Tony Barron told the Lawrence school board on Monday that school security has been the focus of his work as executive director of district facilities and operations since last month’s deadly mass shooting at Marjory Stoneman Douglas High School in Parkland, Fla.
The work has included a lot of brainstorming of how the district could make its schools more secure, Barron said before he and Ron May, district operations director, shared a list of 16 security enhancement suggestions for the board to consider. Barron said cost estimates had not been developed for any of the suggestions. Some of the ideas are already being acted upon; others will require board approval.
“This is planning and consideration,” he said. “We’ve been throwing a lot of stuff out there. We just wanted to get in front of you, so you could guide us. We can never do enough, so we need to find that right balance that you are comfortable with.”
One idea already initiated is the twice-yearly meetings of district facilities staff, building principals, school resource officers and members of the Lawrence Police Department.
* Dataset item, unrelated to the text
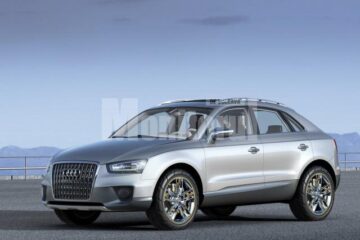 Audi Cross Coupe Quattro Concept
Barron said there had already been one meeting of the group. The goal is to familiarize law enforcement with district buildings and district staff with the police department’s response procedures.
The district took action Monday on another idea with the requirement that Boys and Girls Clubs use secured entrances at all elementary schools, Barron said.
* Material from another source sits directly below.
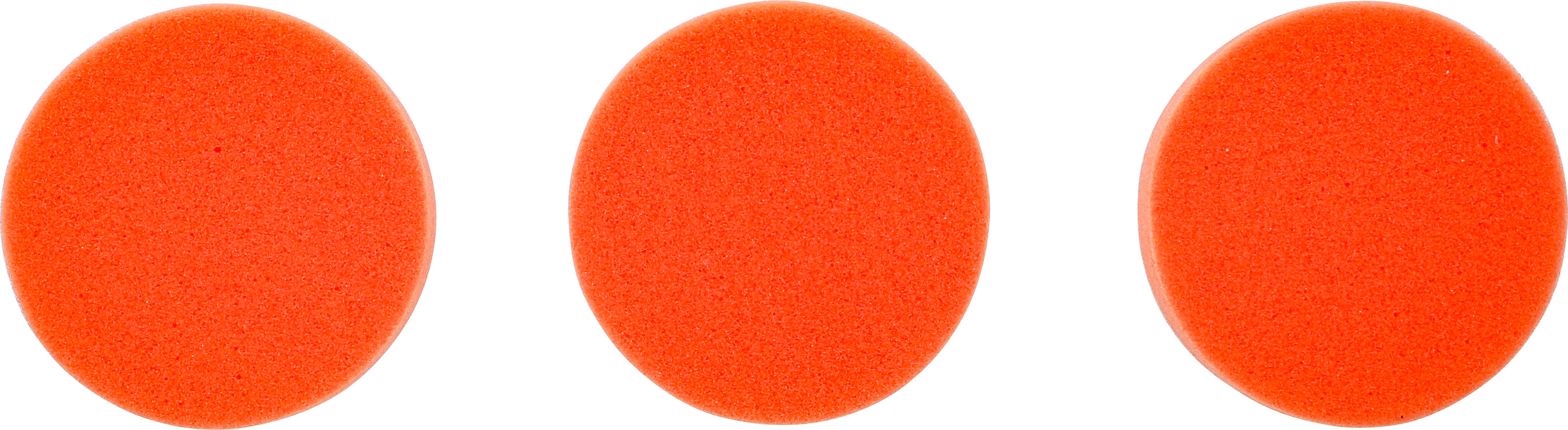 BGS Polierschwamm-Satz | für Art. 74367 | 3-tlg.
Among the other considerations presented to the board were:
• Expand security staffing with personnel to work in combination with the police department and SROs. As a stopgap to filling the positions next school year, Barron said the board could contract a third-party service to provide perimeter security at Lawrence and Free State high schools through the remainder of the school year.
The board took no action on the recommendation and will not meet again until April 9. School board president Shannon Kimball said district staff had the authority to contract for the service if the cost was less than $20,000.
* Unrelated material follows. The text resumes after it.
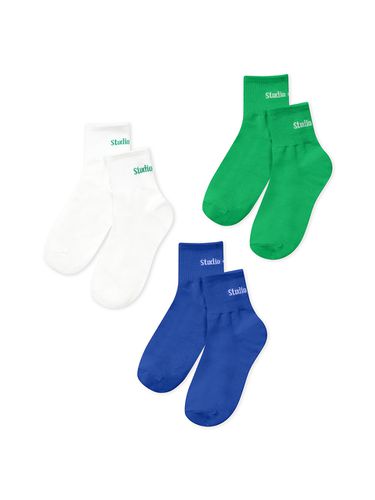 Pyrenees Socks 3pcs_Multi - Studio & Parc - Modalova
• The hiring of a supervisor of school safety to manage emergency operations planning, districtwide safety and the training of security officers. The safety supervisor would relieve May of his security duties. Board vice president Jessica Beeson asked that the job description be more fully fleshed out before the board considered funding the position for the 2018-2019 school year.
• Hiring evening receptionists so that secure entrances could be maintained at schools for after-school events.
“It’s definitely a conversation we are going to have,” Barron said. “I’m not saying we’re going have secure entrances 18 hours a day, but it’s something we’re going to ask — how comfortable do you feel letting people in without monitoring that activity.”
• Installing additional security cameras and creating a plan to keep them operational.
• Purchasing a two-way districtwide radio system that connects district maintenance, safety and communications staff to building administrators. Barron said it would be expensive and could be phased in over five years.
During board discussion that followed Barron’s report, Kimball said the facilities committee would look to see what has been proposed for school security for Free State High School and opportunities that the district could take advantage of during the $15.2 million upgrades to the high school from last year’s bond issue. That planning could be done upfront with the $50.8 million in upgrades to Lawrence High School, she said.
Superintendent Anna Stubblefield said district students would be excused to take part in memorials at schools at 10 a.m. Wednesday, marking the one-month commemoration of the Marjory Stoneman Douglas High School shooting.